In December 2020, detectives with the New Jersey State Police Gangs and Organized Crime North Unit began investigating alleged drug activity at the Garden Spires community complex in Newark, N.J. Based on information obtained during the investigation, detectives discovered that multiple drug mills were being operated out of the complex and were a distribution point for narcotics in the area.
On May 19, detectives with the State Police Gangs and Organized Crime North Unit along with members of the Trafficking North, Crime Suppression North, T.E.A.M.S, K9, Fugitive, Aviation, Troop “B” Tactical Patrol, Crime Scene Investigations North, and Hazmat Units, United States Marshal Service, Newark Police Department, and Paterson Police Department executed search warrants at 7 apartments in the Garden Spires complex. As a result of the searches, detectives arrested 9 suspects and seized 4 guns, 500 grams of heroin/fentanyl mixture, 5 grams of crack, hollow point ammunition, high-capacity magazines, narcotics packaging materials, and several different stamps used to brand packaged narcotics.
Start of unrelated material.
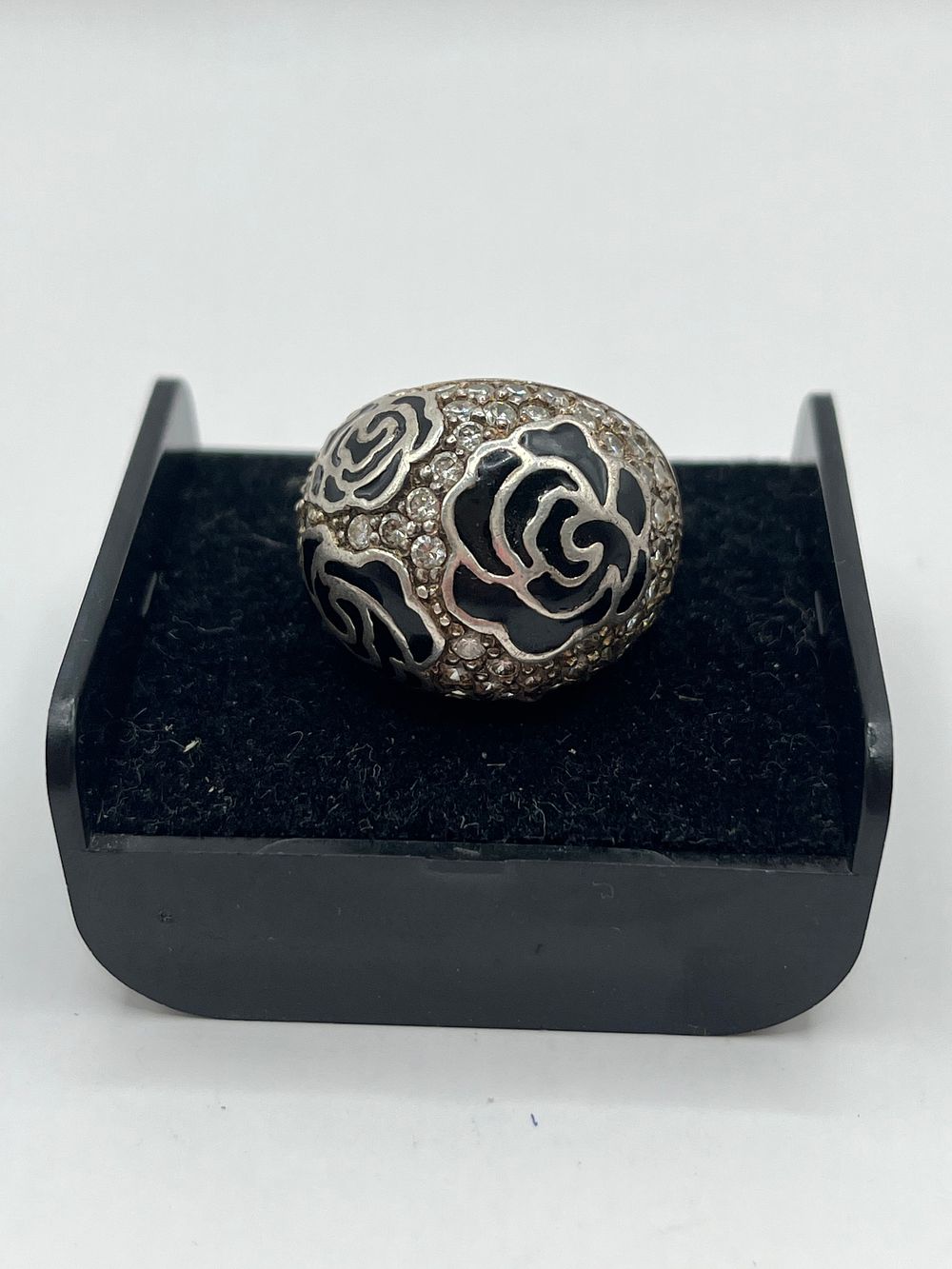 Lot 212: Large Silver Ring With Floral Design Size M.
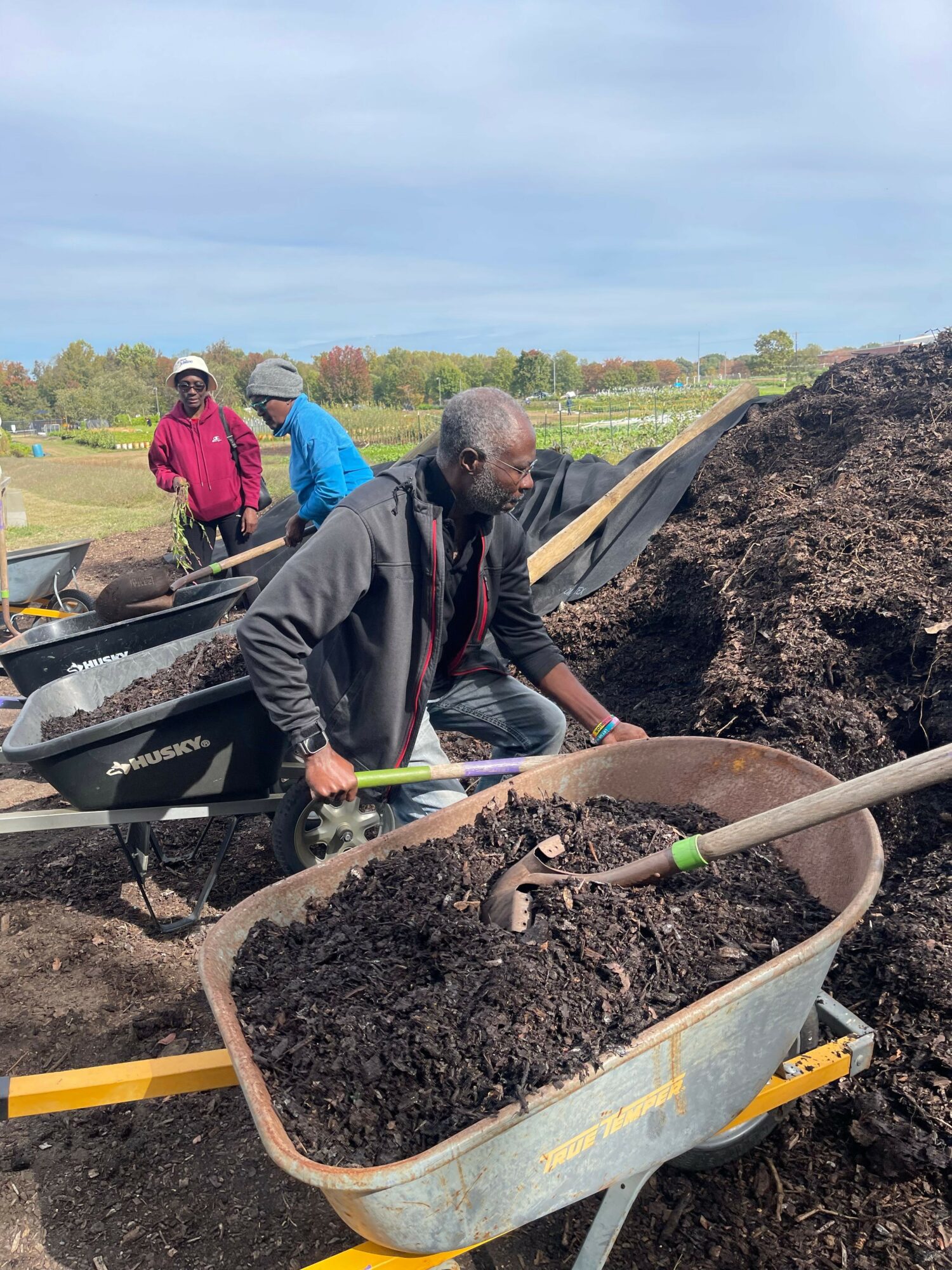 Man working with soil in a wheelbarrow outdoors, with two people in the background and a landscape with trees.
Drug traffickers market their “brand” of drug by ink-stamping the outside of a wax fold with a unique image, word, or phrase such as “Frank Lucas,” and “SRT,” which are all examples of stamps that were recovered. The stamps “Frank Lucas” and “SRT” have been linked to a total of five fatal overdoses in New Jersey.
During the on-going investigation, detectives arrested an additional 10 suspects. The following suspects have been charged:
Taakiya Grant, 33, of Newark, N.J.
Derrol Nickels, 51, of Newark, N.J.
Tashan Black, 22, of Newark, N.J.
Jihad Snead, 28, of Newark, N.J.
Ibrahim Bennett, 35, of Newark, N.J.
Isaiah Parrish, 23, of Newark, N.J.
Jabriel Brown, 24, of Newark, N.J.
Faquan Johnson, 22, of Newark, N.J.
Dashaun Wright, 32, of Newark, N.J.
Carnel Wright, 22, of Woodbridge, N.J.
Ray Odom, 58, of Newark, N.J.
Aquah Woolard, 20, Newark, N.J.
Donald Scott,26, of Newark, N.J.
Levar Parker, 47, of Newark, N.J.
Alquan Parker, 22, of Newark, N.J.
Jamar Horne, 42, of Newark, N.J.
Al Rashid Turner, 43, of Newark, N.J
Terrence Woods, 37, of Newark, N.J.
Naim Stewart, 27, of Newark, N.J.
“We cannot end New Jersey’s opioid crisis unless we dismantle the state’s distribution networks for fentanyl and heroin,” said Acting Attorney General Andrew J. Bruck. “Under Colonel Callahan’s leadership, the New Jersey State Police is focusing its investigative resources on those individuals and criminal organizations most responsible for fatal overdoses.”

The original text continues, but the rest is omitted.